Note that this is approximately exactly 96.875% shorter (or 3200% shorter, if you're in advertising).

This approach reminds me a bit of TOSCA, in the way that it requires you to define every node type before you use it. (Even TOSCA is moving away from this by developing a Simple Profile that includes the most common ones in the box - an approach I assume/hope you're considering also.) The stated reason for this is that they want TOSCA templates to run on any cloud regardless of its underlying features (rather than take a lowest-common-denominator approach, as other attempts at hybrid clouds have done). Contrast that with Heat, which is unapologetically an orchestration system *for OpenStack*.

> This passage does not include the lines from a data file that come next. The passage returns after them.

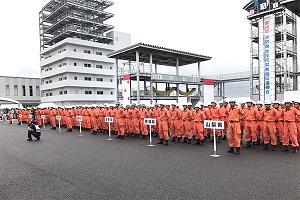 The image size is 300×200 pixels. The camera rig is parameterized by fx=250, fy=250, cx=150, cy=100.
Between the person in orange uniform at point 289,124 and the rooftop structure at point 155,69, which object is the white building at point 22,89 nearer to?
the rooftop structure at point 155,69

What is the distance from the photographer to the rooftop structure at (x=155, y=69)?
27.1m

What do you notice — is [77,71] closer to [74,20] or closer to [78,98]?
[78,98]

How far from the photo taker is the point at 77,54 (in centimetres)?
5222

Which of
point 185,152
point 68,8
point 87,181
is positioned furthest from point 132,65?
point 68,8

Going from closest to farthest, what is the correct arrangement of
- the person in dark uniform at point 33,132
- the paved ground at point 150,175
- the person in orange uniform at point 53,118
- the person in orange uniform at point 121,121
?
the paved ground at point 150,175 → the person in orange uniform at point 121,121 → the person in dark uniform at point 33,132 → the person in orange uniform at point 53,118

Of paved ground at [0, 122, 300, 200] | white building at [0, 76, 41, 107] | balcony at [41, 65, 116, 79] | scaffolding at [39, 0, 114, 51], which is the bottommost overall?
paved ground at [0, 122, 300, 200]

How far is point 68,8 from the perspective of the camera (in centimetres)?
5288

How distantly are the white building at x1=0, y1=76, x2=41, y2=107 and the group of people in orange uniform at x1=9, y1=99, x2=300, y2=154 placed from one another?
167 ft

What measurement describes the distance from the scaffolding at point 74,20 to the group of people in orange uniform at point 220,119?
40.9m

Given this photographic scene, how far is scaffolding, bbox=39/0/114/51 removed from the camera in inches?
2105

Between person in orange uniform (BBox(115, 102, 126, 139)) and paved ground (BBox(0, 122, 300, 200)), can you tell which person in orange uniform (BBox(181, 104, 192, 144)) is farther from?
person in orange uniform (BBox(115, 102, 126, 139))

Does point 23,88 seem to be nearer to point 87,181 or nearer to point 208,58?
point 208,58

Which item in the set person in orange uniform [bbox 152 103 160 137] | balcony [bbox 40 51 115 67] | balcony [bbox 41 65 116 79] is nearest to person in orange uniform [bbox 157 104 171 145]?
person in orange uniform [bbox 152 103 160 137]

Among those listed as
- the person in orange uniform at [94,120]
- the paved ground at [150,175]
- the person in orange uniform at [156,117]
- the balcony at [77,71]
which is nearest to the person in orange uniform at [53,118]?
the person in orange uniform at [94,120] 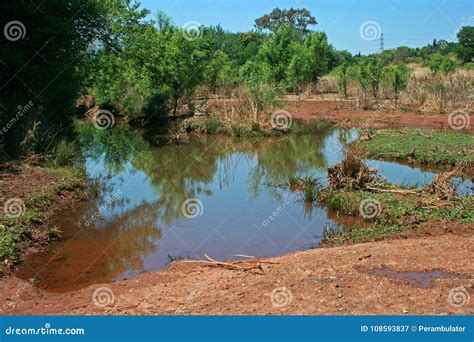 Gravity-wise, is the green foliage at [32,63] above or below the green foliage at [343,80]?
below

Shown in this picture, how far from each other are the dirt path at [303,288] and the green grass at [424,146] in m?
8.24

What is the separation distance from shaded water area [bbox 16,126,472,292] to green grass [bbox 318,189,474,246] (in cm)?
37

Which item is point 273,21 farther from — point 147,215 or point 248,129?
point 147,215

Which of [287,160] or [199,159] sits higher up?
[287,160]

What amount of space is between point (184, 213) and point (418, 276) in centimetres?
664

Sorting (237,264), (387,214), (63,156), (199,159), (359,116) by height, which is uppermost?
(359,116)

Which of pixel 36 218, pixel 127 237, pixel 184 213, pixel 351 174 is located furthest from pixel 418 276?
pixel 36 218

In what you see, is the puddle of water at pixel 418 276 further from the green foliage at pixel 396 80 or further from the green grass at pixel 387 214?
the green foliage at pixel 396 80

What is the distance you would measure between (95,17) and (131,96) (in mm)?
9978

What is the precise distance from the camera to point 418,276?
7.16 meters

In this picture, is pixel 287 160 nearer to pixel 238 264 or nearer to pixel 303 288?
pixel 238 264

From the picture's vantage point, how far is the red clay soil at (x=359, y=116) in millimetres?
25359

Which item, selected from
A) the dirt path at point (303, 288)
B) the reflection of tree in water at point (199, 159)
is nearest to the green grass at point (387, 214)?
the dirt path at point (303, 288)

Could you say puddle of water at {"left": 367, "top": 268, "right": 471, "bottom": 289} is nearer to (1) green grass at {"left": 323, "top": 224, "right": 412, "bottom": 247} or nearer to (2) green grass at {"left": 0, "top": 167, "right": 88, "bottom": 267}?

I note from the screencast that Mistral's stated mission is to:

  Provide a mechanism to define and execute
  tasks and workflows *in OpenStack clouds*

(My emphasis.) IMO the design doesn't reflect the mission. You need to decide whether you are trying to build the OpenStack workflow DSL or the workflow DSL to end all workflow DSLs.

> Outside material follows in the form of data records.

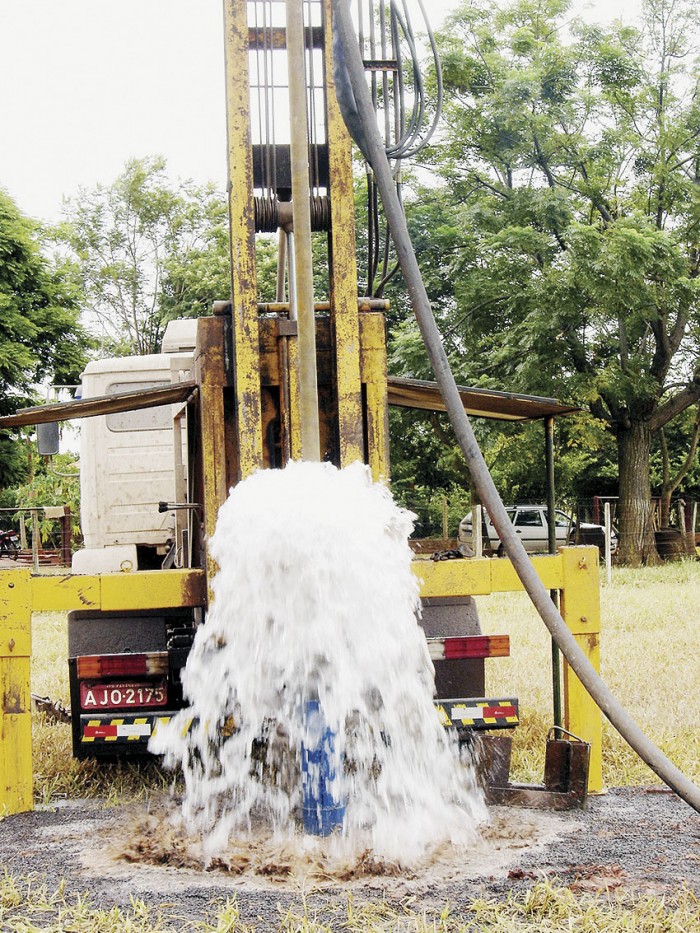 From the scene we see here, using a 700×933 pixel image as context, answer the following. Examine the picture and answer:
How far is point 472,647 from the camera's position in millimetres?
5559

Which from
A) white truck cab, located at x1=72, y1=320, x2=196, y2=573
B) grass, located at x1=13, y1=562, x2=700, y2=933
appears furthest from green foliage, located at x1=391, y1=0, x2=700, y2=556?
white truck cab, located at x1=72, y1=320, x2=196, y2=573

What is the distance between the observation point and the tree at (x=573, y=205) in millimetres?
19969

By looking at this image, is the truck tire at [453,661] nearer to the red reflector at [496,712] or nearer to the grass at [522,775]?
the grass at [522,775]

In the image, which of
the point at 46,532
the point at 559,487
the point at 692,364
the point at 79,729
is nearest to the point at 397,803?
the point at 79,729

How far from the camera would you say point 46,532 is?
3030cm

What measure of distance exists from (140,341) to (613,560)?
1984 cm

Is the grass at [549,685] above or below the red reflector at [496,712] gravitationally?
below

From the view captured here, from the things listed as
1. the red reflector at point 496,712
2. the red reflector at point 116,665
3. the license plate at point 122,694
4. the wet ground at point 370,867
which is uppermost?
the red reflector at point 116,665

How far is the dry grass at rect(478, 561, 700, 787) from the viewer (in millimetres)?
6211

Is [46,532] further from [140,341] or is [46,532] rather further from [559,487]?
[559,487]

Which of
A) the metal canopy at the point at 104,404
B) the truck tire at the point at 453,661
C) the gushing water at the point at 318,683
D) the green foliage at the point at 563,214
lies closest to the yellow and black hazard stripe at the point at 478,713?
the gushing water at the point at 318,683

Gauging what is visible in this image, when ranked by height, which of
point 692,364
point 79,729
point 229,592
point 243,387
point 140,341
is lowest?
point 79,729

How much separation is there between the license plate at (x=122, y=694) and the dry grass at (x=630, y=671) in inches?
75.1

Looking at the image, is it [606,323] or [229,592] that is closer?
[229,592] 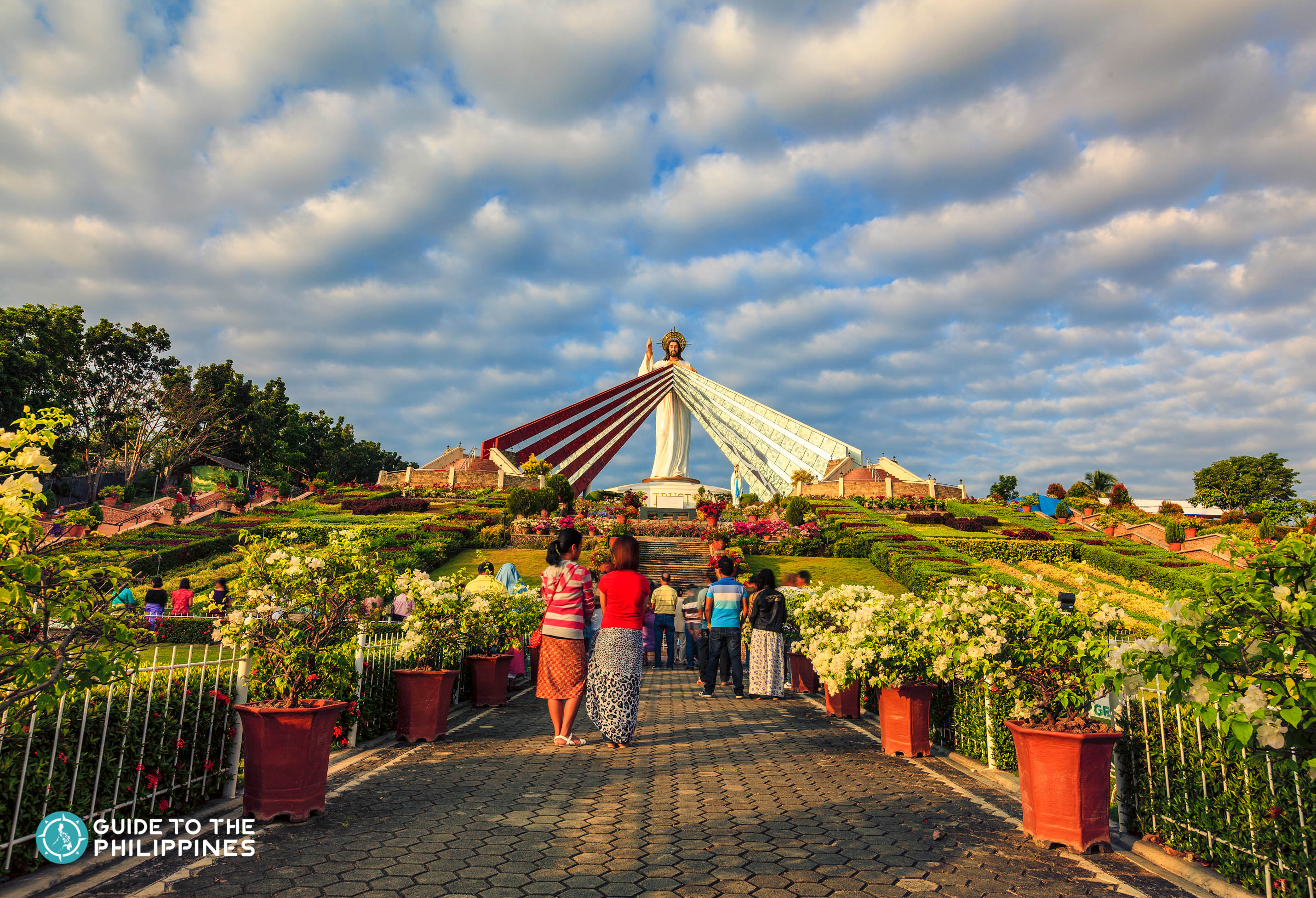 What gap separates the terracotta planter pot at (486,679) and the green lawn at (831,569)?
10.4m

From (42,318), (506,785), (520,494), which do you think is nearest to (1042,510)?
(520,494)

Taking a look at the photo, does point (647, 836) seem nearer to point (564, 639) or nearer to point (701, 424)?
point (564, 639)

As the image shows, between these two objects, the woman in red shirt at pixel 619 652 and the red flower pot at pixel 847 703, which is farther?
the red flower pot at pixel 847 703

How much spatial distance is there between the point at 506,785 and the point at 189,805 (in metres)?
1.66

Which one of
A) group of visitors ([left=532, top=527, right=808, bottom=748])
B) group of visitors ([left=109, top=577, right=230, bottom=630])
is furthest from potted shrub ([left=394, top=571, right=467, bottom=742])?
group of visitors ([left=109, top=577, right=230, bottom=630])

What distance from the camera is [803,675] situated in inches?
357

That problem could be solved by including built-in definitions for core OpenStack service in a similar way to std.* (i.e. take the TOSCA Simple Profile approach), but I'm actually not sure that goes far enough. The lesson of Heat is that we do best when we orchestrate *only* OpenStack APIs.

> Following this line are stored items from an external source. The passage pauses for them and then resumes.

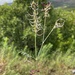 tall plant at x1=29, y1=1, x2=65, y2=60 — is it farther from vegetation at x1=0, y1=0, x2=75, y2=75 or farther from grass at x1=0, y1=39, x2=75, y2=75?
grass at x1=0, y1=39, x2=75, y2=75

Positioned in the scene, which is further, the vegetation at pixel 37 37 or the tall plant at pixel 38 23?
the tall plant at pixel 38 23

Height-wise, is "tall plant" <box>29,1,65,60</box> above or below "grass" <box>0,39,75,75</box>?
above

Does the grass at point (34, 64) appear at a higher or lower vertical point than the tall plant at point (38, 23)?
lower

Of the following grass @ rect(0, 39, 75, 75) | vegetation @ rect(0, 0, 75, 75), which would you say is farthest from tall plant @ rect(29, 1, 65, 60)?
grass @ rect(0, 39, 75, 75)

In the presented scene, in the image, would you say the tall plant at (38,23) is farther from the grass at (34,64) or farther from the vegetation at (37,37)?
the grass at (34,64)

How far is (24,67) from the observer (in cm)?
508

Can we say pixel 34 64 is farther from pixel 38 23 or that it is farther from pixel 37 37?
pixel 37 37

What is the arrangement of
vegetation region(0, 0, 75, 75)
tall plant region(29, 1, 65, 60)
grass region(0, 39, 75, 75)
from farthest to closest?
tall plant region(29, 1, 65, 60), vegetation region(0, 0, 75, 75), grass region(0, 39, 75, 75)

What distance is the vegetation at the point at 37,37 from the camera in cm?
548

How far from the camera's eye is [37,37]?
629 cm

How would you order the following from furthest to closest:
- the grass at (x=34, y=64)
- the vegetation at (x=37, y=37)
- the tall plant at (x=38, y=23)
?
the tall plant at (x=38, y=23), the vegetation at (x=37, y=37), the grass at (x=34, y=64)

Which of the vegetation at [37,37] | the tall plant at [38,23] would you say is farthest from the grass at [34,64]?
the tall plant at [38,23]

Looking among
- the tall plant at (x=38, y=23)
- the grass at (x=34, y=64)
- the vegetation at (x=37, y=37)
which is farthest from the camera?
the tall plant at (x=38, y=23)

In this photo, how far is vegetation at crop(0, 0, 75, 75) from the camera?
548 centimetres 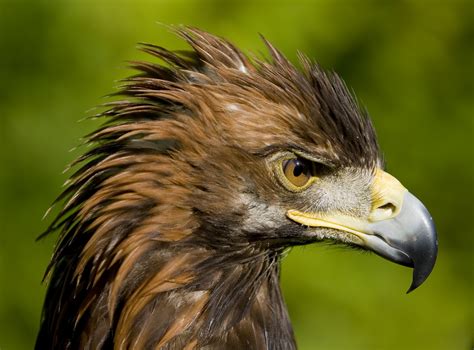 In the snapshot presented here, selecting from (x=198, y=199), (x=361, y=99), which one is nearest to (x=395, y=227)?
(x=198, y=199)

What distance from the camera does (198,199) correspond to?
119 inches

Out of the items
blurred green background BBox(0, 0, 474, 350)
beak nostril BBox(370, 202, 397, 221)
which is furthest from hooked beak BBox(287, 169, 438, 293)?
blurred green background BBox(0, 0, 474, 350)

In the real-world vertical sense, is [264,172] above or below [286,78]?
below

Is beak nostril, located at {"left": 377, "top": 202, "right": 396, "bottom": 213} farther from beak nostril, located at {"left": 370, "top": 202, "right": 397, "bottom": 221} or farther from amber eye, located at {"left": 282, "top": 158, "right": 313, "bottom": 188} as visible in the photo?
amber eye, located at {"left": 282, "top": 158, "right": 313, "bottom": 188}

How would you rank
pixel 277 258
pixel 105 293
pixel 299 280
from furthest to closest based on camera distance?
1. pixel 299 280
2. pixel 277 258
3. pixel 105 293

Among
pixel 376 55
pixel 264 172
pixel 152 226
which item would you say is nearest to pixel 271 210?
pixel 264 172

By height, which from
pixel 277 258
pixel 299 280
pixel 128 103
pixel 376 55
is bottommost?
pixel 299 280

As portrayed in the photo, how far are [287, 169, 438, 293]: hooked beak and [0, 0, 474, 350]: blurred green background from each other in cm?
213

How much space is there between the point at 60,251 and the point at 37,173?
260 cm

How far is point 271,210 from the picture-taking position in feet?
10.1

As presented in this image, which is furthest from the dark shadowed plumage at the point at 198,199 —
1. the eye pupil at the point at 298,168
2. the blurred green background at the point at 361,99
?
the blurred green background at the point at 361,99

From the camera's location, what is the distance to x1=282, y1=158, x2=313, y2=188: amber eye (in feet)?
9.95

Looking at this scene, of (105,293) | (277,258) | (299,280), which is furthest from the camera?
(299,280)

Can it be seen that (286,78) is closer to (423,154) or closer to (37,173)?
(423,154) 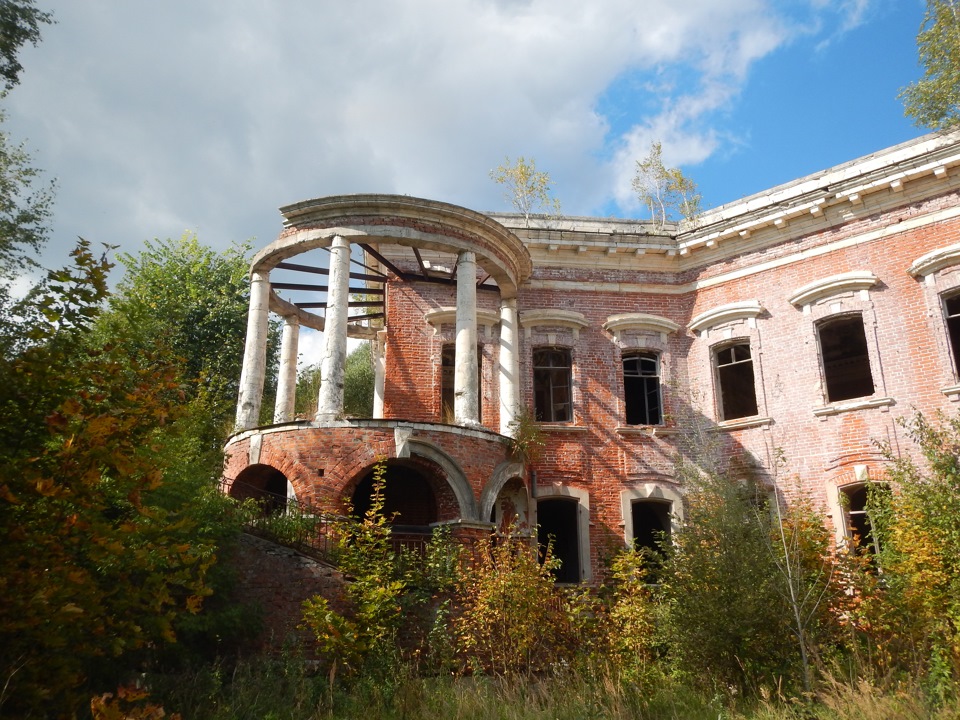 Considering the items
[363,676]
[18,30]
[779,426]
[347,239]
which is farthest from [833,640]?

For example, when we started working on Heat, there was no autoscaling in OpenStack so we implemented it ourselves inside Heat. Two years later, there's still no autoscaling in OpenStack other than what we implemented, and we've been struggling for a year to try to split Heat's implementation out into a separate API so that everyone can use it.

Looking at things like std.email, I feel a similar way about them. OpenStack is missing something equivalent to SNS, where a message on a queue can trigger an email or another type of notification, and a lot of projects are going to eventually need something like that. It would be really unfortunate if all of them went out and invented it independently. It's much better to implement such things as their own building blocks that can be combined together in complex ways rather than adding that complexity to a bunch of services.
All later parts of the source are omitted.